Ken Caldeira at the Carnegie Institution of Washington, in California, US, and Damon Matthews at Concordia University, Canada, used computer models to simulate the effects that a solar shield would have on the Earth’s climate if greenhouse gas emissions continued to rise along a “business as usual” scenario.

“We have been trying to pinpoint the one really bad thing that argues against geoengineering the climate,” says Caldeira. “But it is really hard to find.”

His computer models simulated a gradually deployed shield that would compensate for the greenhouse effect of rising carbon dioxide concentrations. By the time CO2 levels are double those of pre-industrial times – predicted to be at the end of the 21st century – the shield would need to block 8% of the Sun’s radiation.

The researchers found that a sulphur shield could act very quickly, lowering temperatures to around early 20th-century levels within a decade of being deployed.

“The trouble is, the decadal timescale works both ways,” says Caldeira. A sulphate shield would need to be continuously replenished, and the models show that failing to do so would mean the Earth’s climate would suddenly be hit with the full warming effect of the CO2 that has accumulated in the meantime

And the ease with which they could work is also risky, he says: “These schemes are almost too cheap and easy.
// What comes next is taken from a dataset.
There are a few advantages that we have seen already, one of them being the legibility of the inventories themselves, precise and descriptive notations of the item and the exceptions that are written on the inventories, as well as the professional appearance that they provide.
Just one fire hose spraying sulphur dioxide into the atmosphere would do the job for a century. That would cost about $100 million – nothing in comparison to the hundreds of billions it would take to transform our energy supply.”

A previous article on other climate modification proposals

Caldeira has also looked at Gregory Benfords proposal

Benford has a proposal that possesses the advantages of being both one of the simplest planet-cooling technologies so far suggested and being initially testable in a local context. He suggests suspension of tiny, harmless particles (sized at one-third of a micron) at about 80,000 feet up in the stratosphere. These particles could be composed of diatomaceous earth. “That’s silicon dioxide, which is chemically inert, cheap as earth, and readily crushable to the size we want,” Benford says. This could initially be tested, he says, over the Arctic, where warming is already considerable and where few human beings live. Arctic atmospheric circulation patterns would mostly confine the deployed particles around the North Pole. An initial experiment could occur north of 70 degrees latitude, over the Arctic Sea and outside national boundaries. “The fact that such an experiment is reversible is just as important as the fact that it’s regional,” says Benford.
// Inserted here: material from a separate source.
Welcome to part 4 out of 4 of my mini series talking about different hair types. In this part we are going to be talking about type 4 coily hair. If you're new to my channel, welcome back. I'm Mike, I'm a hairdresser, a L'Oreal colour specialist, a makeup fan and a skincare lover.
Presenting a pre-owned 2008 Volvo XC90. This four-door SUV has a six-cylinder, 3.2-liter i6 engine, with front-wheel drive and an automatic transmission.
Is Benford’s proposal realistic? According to Ken Caldeira, a leading climate scientist at Stanford University and the Carnegie Institution’s Department of Global Ecology, “It appears as if any small particle would do the trick in the necessary quantities. I’ve done a number of computer simulations of what the climate response would be of reflecting sunlight, and all of them indicate that it would work quite well.” He adds, “I wouldn’t look to these geoengineering schemes as part of normal policy response, but if bad things start to happen quickly, then people will demand something be done quickly.”